The Singer in the Arms of Dawn

Though considered “coarse” by our doyen of Southern gardening, Elizabeth Lawrence–among others–she–along with those others–unfailingly mentions in the same breath that the Mexican sunflower (Tithonia roundifolia) sets Monet’s gardens at Giverny ablaze in late summer, their open branches tipped with blossoms of vermilion and orange that tower over his gentle lines and mounds of green.

The Mexican sunflower was first described by the British botanist Joseph Dalton Hooker, who visited the United States in 1877. He came at the invitation of American botanist Asa Gray, who with Dalton intended to investigate the connection between the floras of eastern United States and those of eastern continental Asia and Japan. It was during this visit that he visited the American Southwest where—in addition to meeting Brigham Young—Hooker collected specimens of the plant, which he sent to England that year along with over a thousand others. As is the custom, Hooker, as the discoverer of the species, was entitled to give it a name, and for reasons that may forever remain unfathomed, he named it after the bridegroom of Aurora, goddess of the dawn.

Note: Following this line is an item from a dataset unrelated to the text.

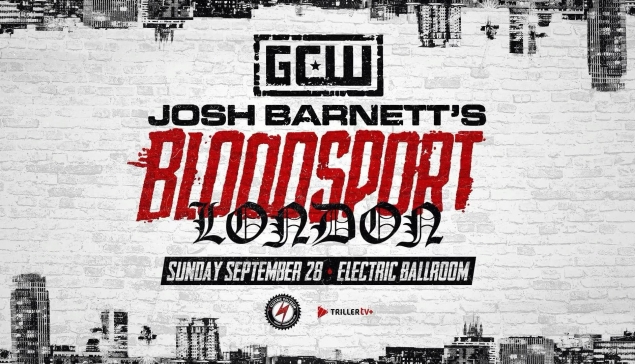 La GCW annonce Bloodsport à Londres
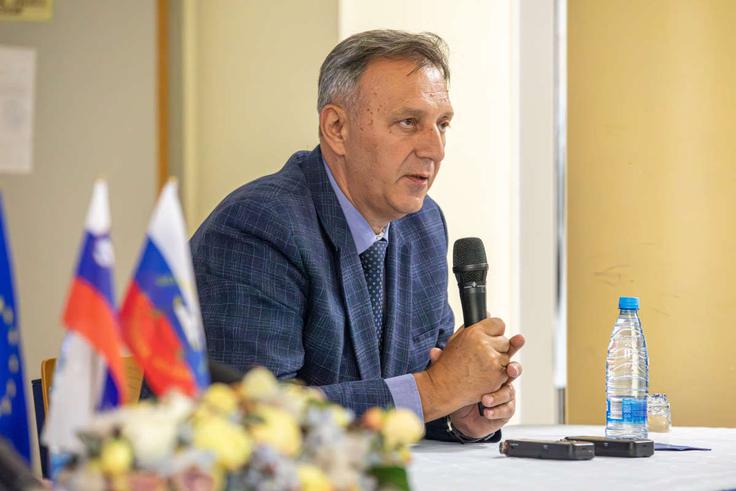 Generalni direktor Direktorata za logistiko Željko Kralj | Foto: Ministrstvo za obrambo RS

Tithonus was a prince of Troy, the son of King Laomedon by the Naiad Strymo. He was a talented musician with a beautiful voice. His brother was Priam, the last king of Troy. Aurora fell in love with the young prince, and took him to Olympus to be her groom. Aurora asked Zeus to make him immortal and he agreed, but she had not thought to ask also that he should remain young. So it came to pass that Tithonus grew old, but could not die.

Helpless at last, unable to move hand or foot, he prayed for death, and Aurora, with a feeling for the natural fitness of things, turned him into a cicada that sings to her as the morning warms.